The Debt Bitch is in no mood for dalliances.  I don't blame her, we could be here all day.

"Yeah, let's go to the Peninsula."  Again with the Peninsula, I think to myself.  Laura is always taking me there.  I suppose that's not a bad thing.  It's a nice enough spot, pleasant seating and makes for nice conversation.

The four of us are sitting, just after the drinks have arrived and The Debt Bitch has asked for a larger martini.  The waiter just brings another martini and puts the still half-full shaker on the table next to it the second time.

Sam has put a stack of documents from other funds on the smallish table and Laura reaches over and grabs them when the drinks come.  This strikes me as rude, after all, are we supposed to know what other funds our limited is pondering?  Sam looks about ready to protest but Laura has him wrapped around her pinky toe and instead he just sits watching her, helplessly, with his mouth slightly ajar while Laura shamelessly peruses them, chuckling occasionally as if to say "Ha!  You are investing with them?"

She comes to a few colorful leave behinds and holds them up for us all to see.  They are from a fund with a rather elemental name that astute Going Private readers certainly would recognize.  But that's not what is amusing.  What is amusing is that they are laminated.

Everyone looks at her before Fitz chimes in.

"Yeah... that... it is... sort of... well... unusual... that they would be laminated."

Laura laughs out loud.  "You dolts.  You don't get the subtext?" Everyone looks dumbfounded.  I do my best to just look impassive and cover myself by starting to sip my drink.

"You are supposed to be so enthralled by the documents and so enraptured by all the money you are going to make that you can't help but drool and ejaculate all over the paper right on the spot, and then how are you going to give it to the investment committee with your 'recommendation,' so to speak?"

I almost snort my drink right out my nose and onto the table.

Sam looks like one of those effete foils in a Humphrey Bogart film that simply cannot believe you just slapped them and has no idea what to do next and may, in fact, have just forgotten their lines.

Fitz starts an extended "hmmmmmm" that is going exactly nowhere fast and is composed mostly of words like "incredible" "doubtful" "rather not what I expected."

My drink has now reversed course and wants to head down my throat which I am desperately trying to prevent less I descend into a fit of coughing.  Laura gives a cute little snort and with a short little "excuse me," drops the papers on the table, gets her purse and heads in the direction of the ladies room.  I am stuck with Frick and Frack and their stammering or silent disbelief.

After about five minutes I realize that my phone has buzzed me three or four times.  I try to be subtle about looking at my texts but I'm still really concentrating on not coughing up a lung.  It's The Debt Bitch on SMS.

Coming?

Where are you?

Equity?

I can't wait forever.

I type back.  "Where are you?"

"Downstairs, nimrod.  C'mon."

I type back again, "Oh, we didn't know we were leaving."  I am about to ask for the check when I get another SMS from Laura.

"Answer your phone."  I barely finished reading when my phone rings.

"Hello?"

"Oh my god, the FBI just raided the office!"

"The FBI?" I hiss.

"Yes  It's every girl for herself now sweetheart.  Look, I've been wanting to tell you for a long time.  I'm totally in love with you.
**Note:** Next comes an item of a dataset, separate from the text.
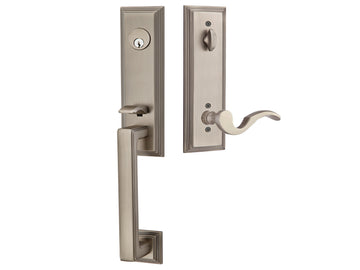 Emtek Manhattan Mortise Entry Handleset Pewter US15A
All the other boys have just been a sad attempt to convince myself and others that I am anything but totally, irrevocably in love and lust with you.  I'm on the 10:15 to the Cayman Islands from JFK.  I have a bag full of money.  Let's go, just you and me."

I am as lame as they come this time.  It took me this long to catch the joke.  I am quiet for a long time before Laura speaks again.

"Wait a minute, did they just hear you say 'The FBI'?"  I look up at Fitz and Sam.  They are both staring right at me, wordlessly, no attempt to conceal the shock on their face.

"Uh huh," I manage.  Laura starts laughing hysterically.  "C'mon you idiot, tell them you have an emergency and let's go do some real drinking."

I stand up with the phone still in my ear.  "Guy, I really have to go."

They both nod in violent agreement.  "Of course.  Of course."

I am such an idiot.

Monday, February 11, 2008

There is No Such Thing as a Risk-Free Lunch

damn the models, full speed ahead The always observant readership of Going Private will have little difficulty sharing my frustration with prominent public figures who, in their often dangerous zeal to fulfill the promise of Lake Wobegon for all their constituents, somehow believe that they can fundamentally alter or suspend the laws of mathematics, obtain return with no risk and otherwise lower the expense of daily endeavors by merely legislating that it should be so.  Of course, these efforts center around a particular type of moral hazard, namely, short-term political gain funded via the issuance of a big bond with a brutally compounding PIK tier and denominated in units of "later economic disaster."  The hitch is that the debtors end up being someone other than the issuer.  Examples, of course, abound, wherever public officials seek to deliver the long-term-impossible in the short-term.  The most charitable interpretation of these goings on is that public officials are daft.  I suspect the more likely reality is that some subset are quite cunning.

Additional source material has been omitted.